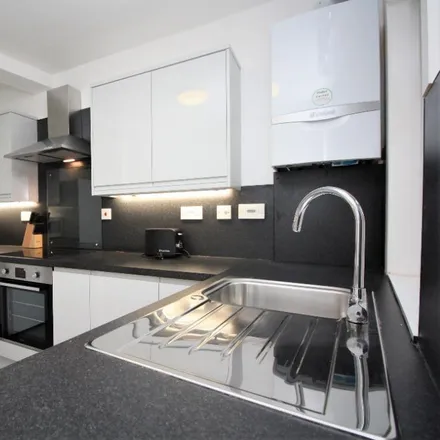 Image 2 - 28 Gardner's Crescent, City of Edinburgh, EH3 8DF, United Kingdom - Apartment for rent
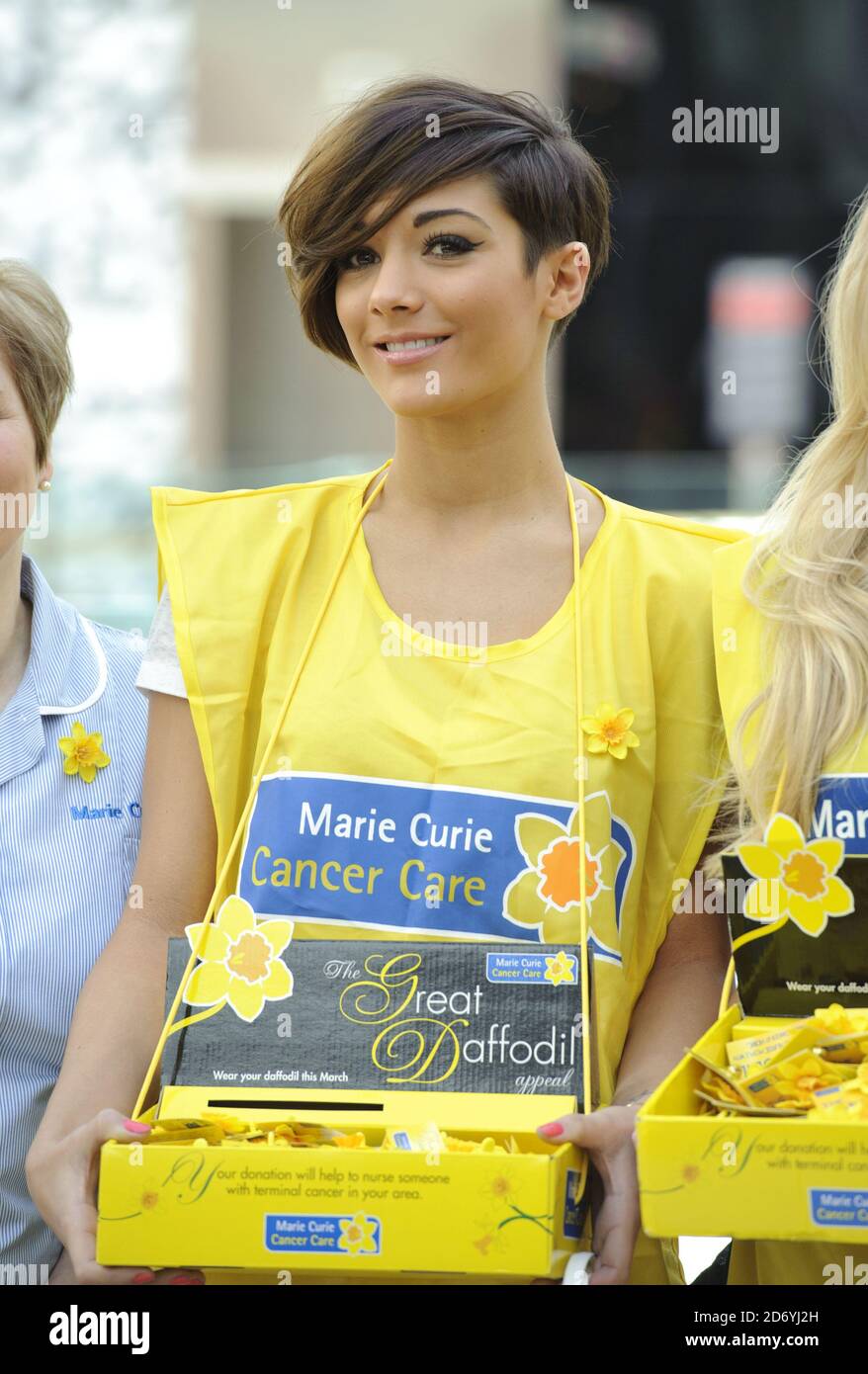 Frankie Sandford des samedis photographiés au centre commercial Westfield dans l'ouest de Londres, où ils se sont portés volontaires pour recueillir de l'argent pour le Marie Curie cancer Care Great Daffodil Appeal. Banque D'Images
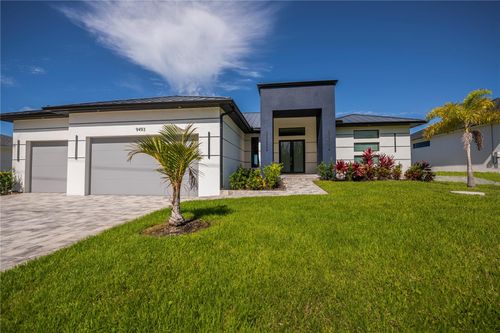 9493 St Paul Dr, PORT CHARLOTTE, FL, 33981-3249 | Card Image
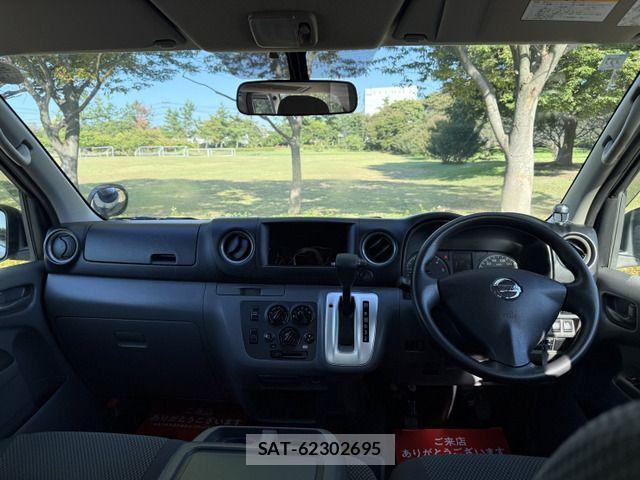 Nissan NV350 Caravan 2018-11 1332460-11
------------------------------------------------
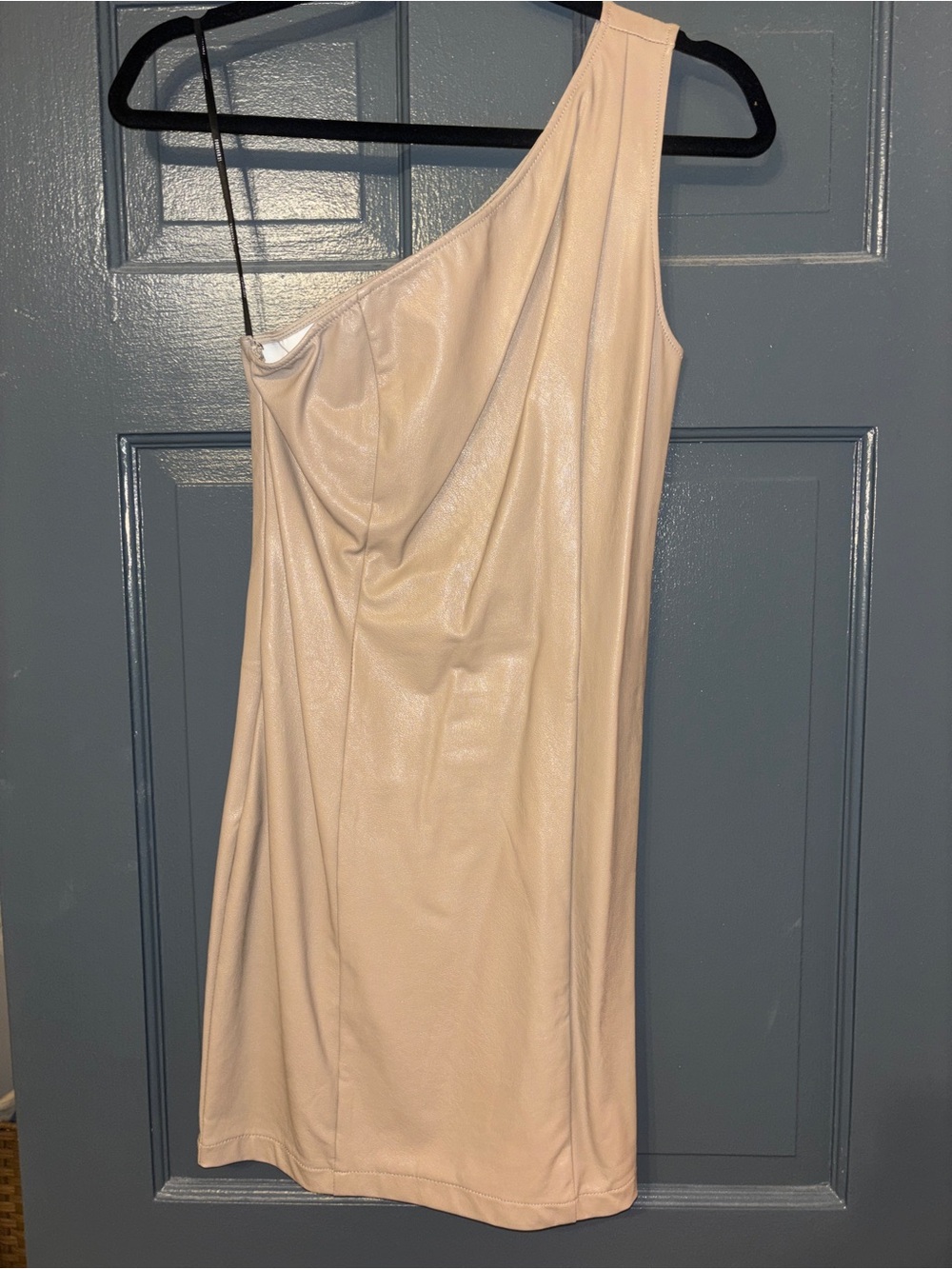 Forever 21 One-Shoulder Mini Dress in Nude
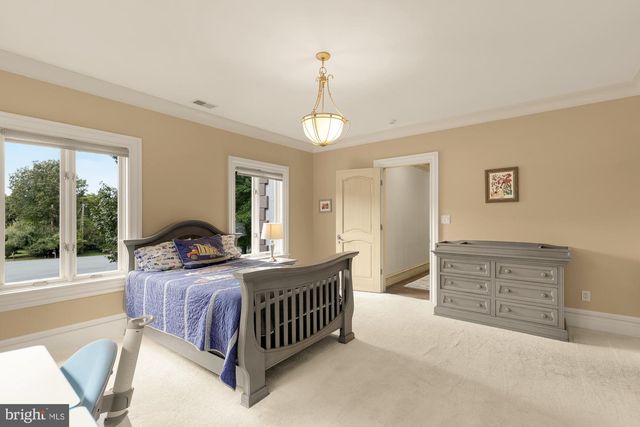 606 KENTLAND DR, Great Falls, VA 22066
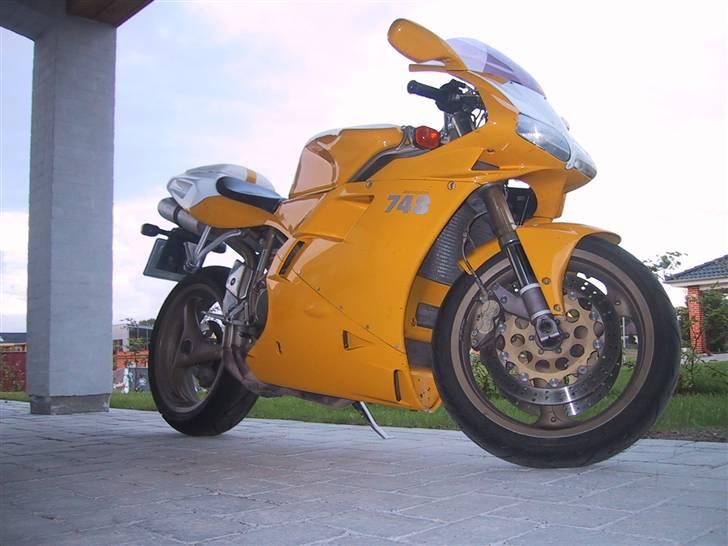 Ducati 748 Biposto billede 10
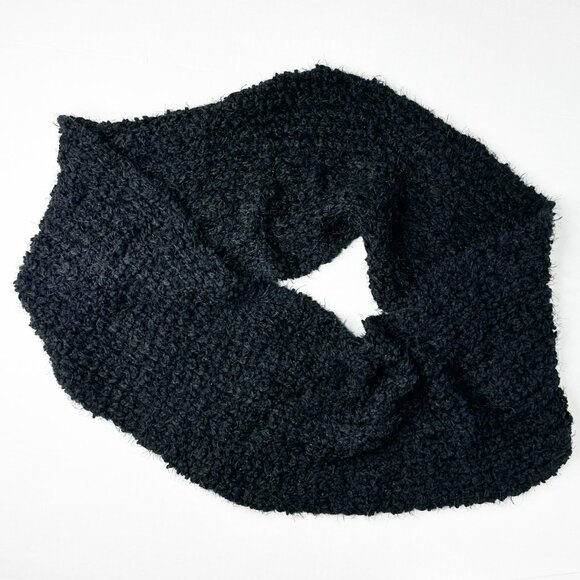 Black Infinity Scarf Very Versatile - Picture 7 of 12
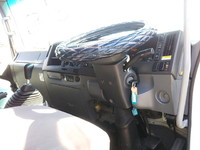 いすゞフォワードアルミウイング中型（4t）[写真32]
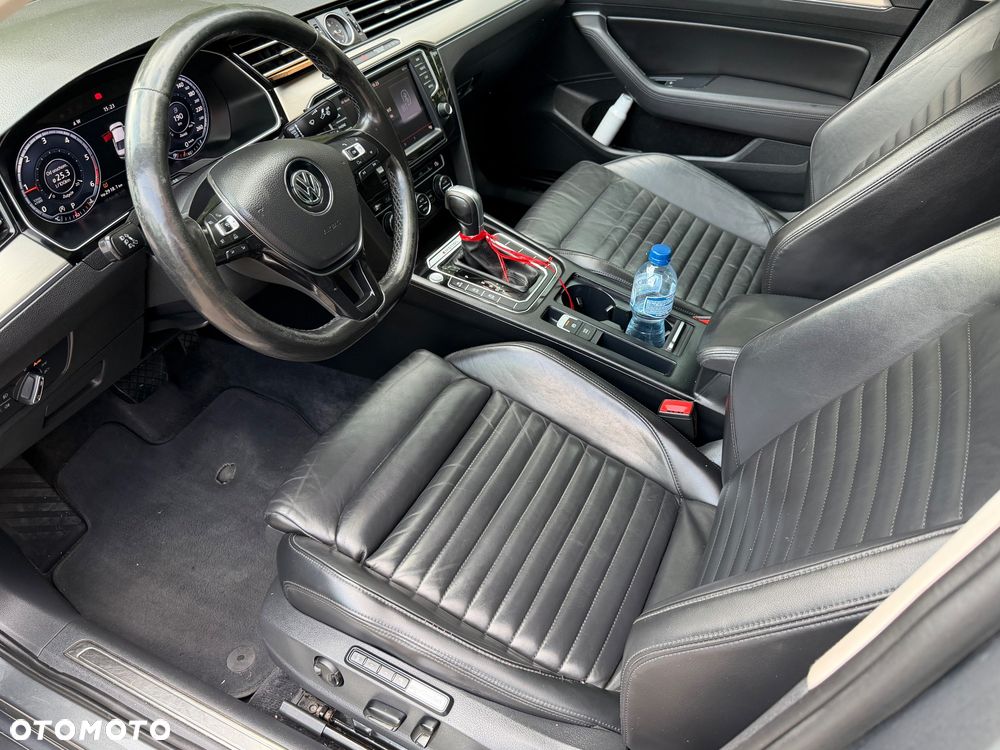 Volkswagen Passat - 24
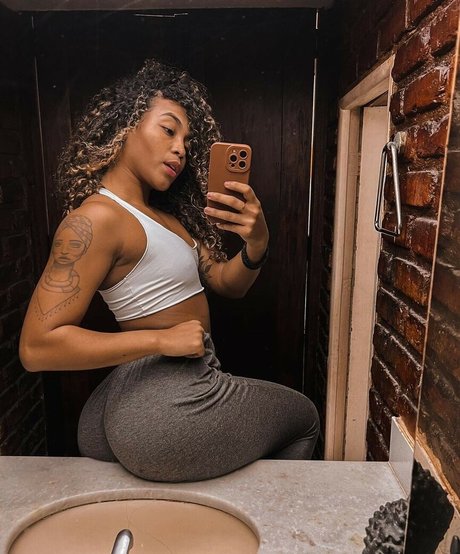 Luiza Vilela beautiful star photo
------------------------------------------------
Only the lines between the one with "Image 2 - 28" and the one with "Nissan NV350 Caravan 2018-11 1332460-11", those two included, get copied from the material above. Keep it exact and free of pictures.

 Image 2 - 28 Gardner's Crescent, City of Edinburgh, EH3 8DF, United Kingdom - Apartment for rent
 Frankie Sandford des samedis photographiés au centre commercial Westfield dans l'ouest de Londres, où ils se sont portés volontaires pour recueillir de l'argent pour le Marie Curie cancer Care Great Daffodil Appeal. Banque D'Images
 9493 St Paul Dr, PORT CHARLOTTE, FL, 33981-3249 | Card Image
 Nissan NV350 Caravan 2018-11 1332460-11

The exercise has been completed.